High housing costs in Colorado and across the country have been putting the pinch on renters and prospective home buyers for some time.
Any talk of housing, from government officials to developers to landlords, touches on affordability. A new study released Wednesday by the National Low Income Housing Coalition will only add more urgency to those discussions.
The Washington Post breaks down the report like this: There is nowhere in the country where someone working a full-time, minimum-wage job could afford to rent a modest two-bedroom apartment. And a one-bedroom is available to those low-wage workers in only 22 counties in five states: Colorado, Arizona, California, Oregon and Washington.
The report by the coalition says that in Colorado, a worker needs to earn $23.93 an hour to afford a two-bedroom apartment, while the Fair Market Rent is $1,245 in the state. Fair Market Rent is Housing and Urban Development’s best estimate of what a household seeking a modest rental home in a short amount of time can expect to pay for rent and utilities, according to the report.
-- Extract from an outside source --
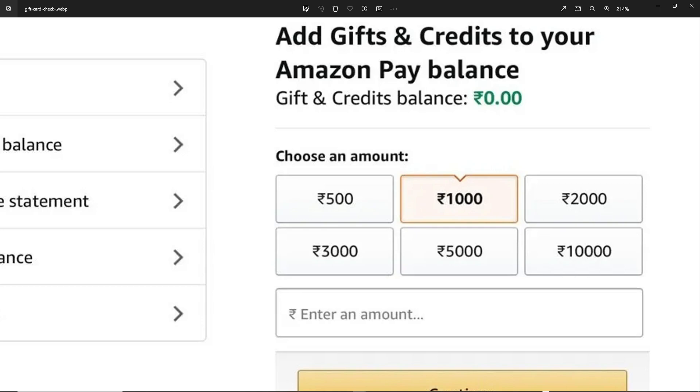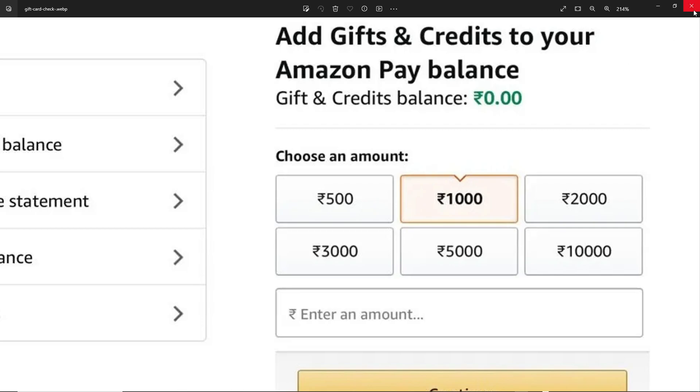Viewing your Amazon gift card balance will help you make informed decisions whenever you purchase. You can check your balance to see if it's enough to cover your costs. That's it for today's video — thank you so much for watching, and I'll see you all in the next one.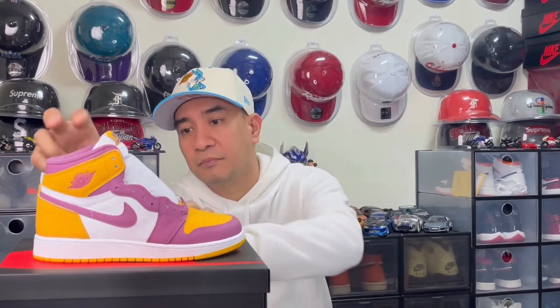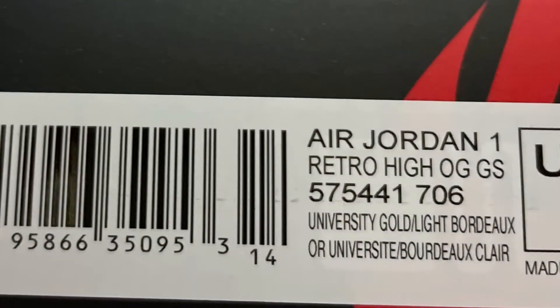This colorway reminds me of the Air Jordan 1 High Light Fusion Red, but I think this one is better than that one. The official colorway of this is University Gold and Light Bordeaux. The inspiration behind this colorway is from the brotherhood or fraternity Omega Psi Phi. This fraternity is a historically African American fraternity founded in 1911, and Shaquille O'Neal and Michael Jordan are in this fraternity. That's why sometimes you'll see them doing a sign of their fraternity.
To get the $23.93 hourly wage figure, the report factors housing costs as 30 percent of income, thus a household must earn $4,148 monthly or $49,780 annually. To get that annual income based on a 40-hour work week, 52 weeks a year, you need to earn $23.93 an hour. Colorado’s minimum wage is $10.20.
The average wage for renters, who make up 36 percent of the housing market, is $17.59 in Colorado.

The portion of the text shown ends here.